In the context of the current election
7% of communication is spoken word, 70% through body language – so do we see the congruence between the words and the person? Does the person communicate with me or at me? Does the person treat me as an equal or as a prospect?
These questions explain why Clegg has gained so much popularity and why Brown’s outburst yesterday was so important, not because of what he said, but because it gave us an insight in the real man, and explained the incongruence that he has displayed in all the debates so far.
How do their key people compare? Do you prefer Cable, Darling or Osborne? How do they treat these key people? Are they partners or are their subordinates?
The linchpins, as Seth Godin, calls them, are incredibly important as they input and shape the initial vision and deliver and shape the implementation which in turn influences the vision.
For me, so far, no party leader has given a clear, exciting and challenging vision of the future. It’s all about the past, it’s all about the short term and it’s all about including everything and everybody.
I want to know: What’s their long term vision for Britain? What’s their long term vision of Britain’s engagement in a globalized world? What’s their elevator pitch? And it’s not allowed to contain the words “fairer” & “safer” – these are the political equivalents of “customer centric” & “innovative”. And “change” on its own, isn’t precise enough either.

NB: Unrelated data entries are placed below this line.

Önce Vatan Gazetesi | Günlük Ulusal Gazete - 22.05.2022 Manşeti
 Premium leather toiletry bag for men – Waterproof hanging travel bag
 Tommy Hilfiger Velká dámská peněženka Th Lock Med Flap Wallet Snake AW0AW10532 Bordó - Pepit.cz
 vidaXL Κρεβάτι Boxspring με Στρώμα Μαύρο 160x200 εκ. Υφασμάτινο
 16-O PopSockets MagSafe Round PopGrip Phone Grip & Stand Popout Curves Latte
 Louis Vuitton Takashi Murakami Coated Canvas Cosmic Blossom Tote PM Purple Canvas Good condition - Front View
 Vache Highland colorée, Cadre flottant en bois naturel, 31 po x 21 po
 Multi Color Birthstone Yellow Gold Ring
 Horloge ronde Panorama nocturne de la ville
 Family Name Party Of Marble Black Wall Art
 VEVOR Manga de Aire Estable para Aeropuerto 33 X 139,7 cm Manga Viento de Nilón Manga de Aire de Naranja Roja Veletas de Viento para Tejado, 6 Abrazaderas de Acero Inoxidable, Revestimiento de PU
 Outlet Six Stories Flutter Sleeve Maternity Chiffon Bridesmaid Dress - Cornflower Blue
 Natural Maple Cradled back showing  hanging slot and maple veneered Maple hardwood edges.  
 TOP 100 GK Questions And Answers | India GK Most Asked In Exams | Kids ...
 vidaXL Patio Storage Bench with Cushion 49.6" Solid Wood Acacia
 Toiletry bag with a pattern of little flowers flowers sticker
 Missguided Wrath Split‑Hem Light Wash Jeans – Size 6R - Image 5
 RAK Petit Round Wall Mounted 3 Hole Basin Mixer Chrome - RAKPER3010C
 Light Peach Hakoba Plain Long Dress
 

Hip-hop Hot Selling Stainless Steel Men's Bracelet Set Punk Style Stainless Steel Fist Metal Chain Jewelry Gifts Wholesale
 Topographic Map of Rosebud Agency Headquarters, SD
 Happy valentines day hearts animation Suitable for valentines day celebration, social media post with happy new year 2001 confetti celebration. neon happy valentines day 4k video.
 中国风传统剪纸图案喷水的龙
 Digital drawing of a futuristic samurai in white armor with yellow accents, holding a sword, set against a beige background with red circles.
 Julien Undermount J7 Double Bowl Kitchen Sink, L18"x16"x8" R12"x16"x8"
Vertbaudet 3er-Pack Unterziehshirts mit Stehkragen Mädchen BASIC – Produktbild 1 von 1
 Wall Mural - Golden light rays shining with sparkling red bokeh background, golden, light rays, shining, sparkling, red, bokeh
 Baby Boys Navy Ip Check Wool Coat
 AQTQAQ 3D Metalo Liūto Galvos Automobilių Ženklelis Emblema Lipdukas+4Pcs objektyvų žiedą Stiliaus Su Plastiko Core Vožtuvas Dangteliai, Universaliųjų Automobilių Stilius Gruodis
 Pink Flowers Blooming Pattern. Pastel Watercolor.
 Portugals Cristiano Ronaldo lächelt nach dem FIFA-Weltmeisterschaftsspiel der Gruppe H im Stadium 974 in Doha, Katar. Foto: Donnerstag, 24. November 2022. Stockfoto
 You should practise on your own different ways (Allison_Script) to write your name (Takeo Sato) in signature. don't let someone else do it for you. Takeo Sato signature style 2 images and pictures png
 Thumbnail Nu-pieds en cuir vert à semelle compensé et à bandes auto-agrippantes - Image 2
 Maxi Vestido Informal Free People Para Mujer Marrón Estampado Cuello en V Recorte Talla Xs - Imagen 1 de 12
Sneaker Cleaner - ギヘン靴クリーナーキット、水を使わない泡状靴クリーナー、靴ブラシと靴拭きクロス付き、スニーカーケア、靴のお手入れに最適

Excite me – give me something to aspire to and to be proud of, something I want to be part of. I don’t need to know all the detail as I would be surprised if you’d knew.
Reassure me – what are your core values that you will stand for no matter what happens? What would get you to change those?
And now – once we know this, let’s be a little more precise and tell me what does this mean for, e.g., Trident, what does this mean for education, what does this mean for the economy, what does this mean for the political system? Just to ensure that your system of values and vision are consistent and flexible enough.
In people we trust
Actions speak louder than words, but so far we can only look at Gordon Brown’s actions as neither Clegg nor Cameron have run a government yet. The manifesto doesn’t tell us much either, it’s a sales brochure that – rightly so– gets abandoned very quickly when realpolitik hits home. So, all we have is to trust ourselves in using our human capacities to decide who’ll be best to create a new, exciting and challenging future for Britain based on the two questions above.